The accident figures quoted in this report to support its change of view, do not refer ‘to incidents of conflict between pedestrians and motorist’. This should be a key factor in judging how safe pedestrians are on a road without pathways.
The footpath to the school referred by SHA as a reason for approving the application is not new. It was there when the first report was written.
Seeking a 20mph speed limit on New Street is just an idea. It has been advised against in the past by SHA because the median speed of traffic on New Street is likely to be above 24mph. (This is the guide that SHA works to when considering applying a 20mph speed limit.)
Therefore, the parish council believes MSDC Planning Committee should question if there are any valid reasons for Suffolk Highways Authority to change its advice from that given in November 2018.
Regarding the impact of the development on the sewerage system within Fressingfield, it is 10 months since the parish council’s last comments on the application, and nothing has changed. Any periods of prolonged rain continue to bring raw sewage into the streets. The reasons are clearer, but the solutions seem no closer.
Anglian Water states that technically the pumping station on Harleston Hill and the treatment plant in Weybread can deal with the extra sewage from the proposed new estate. Its report makes no comment on the fact that the system leading to the pumping station cannot deal with the current level of waste at times of steady rain. This is because an unknown amount of surface water ends up in the sewerage system and that system cannot cope. The egress of raw sewage into the street occurs before the Harleston Hill pumping station.
The parish council is firmly of the view that no new homes should be added to the system until this problem has been solved.
The council feels that it is unclear how proposed section 106 money for school transport, and speed reduction measures could be used. There is lack of clarity which means that their impact as mitigating measures is extremely limited.
The council is of the opinion that the planning authority should resist any over-reaction to recent government consultations on planning. With such an uncertain future, they should not try to second guess what the government will decide. MSDC already has a substantial landbank and does not need to urbanise a rural community. The parish council is concerned that local democracy is being undermined by promoting the expansion of homes where patently they are not required.

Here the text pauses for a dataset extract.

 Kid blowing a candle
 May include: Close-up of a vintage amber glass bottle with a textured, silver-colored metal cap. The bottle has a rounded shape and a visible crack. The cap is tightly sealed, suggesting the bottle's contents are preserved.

Overall, the small changes introduced by the developers do not convince the parish council that this is an application worth supporting. No substantial factors have changed to make this application a positive and welcome addition to the village.
Strength of feeling against this application is very strong in the parish. The number of responses opposing this application confirms this.
Fressingfield Parish Council requests that the district council refuse the application.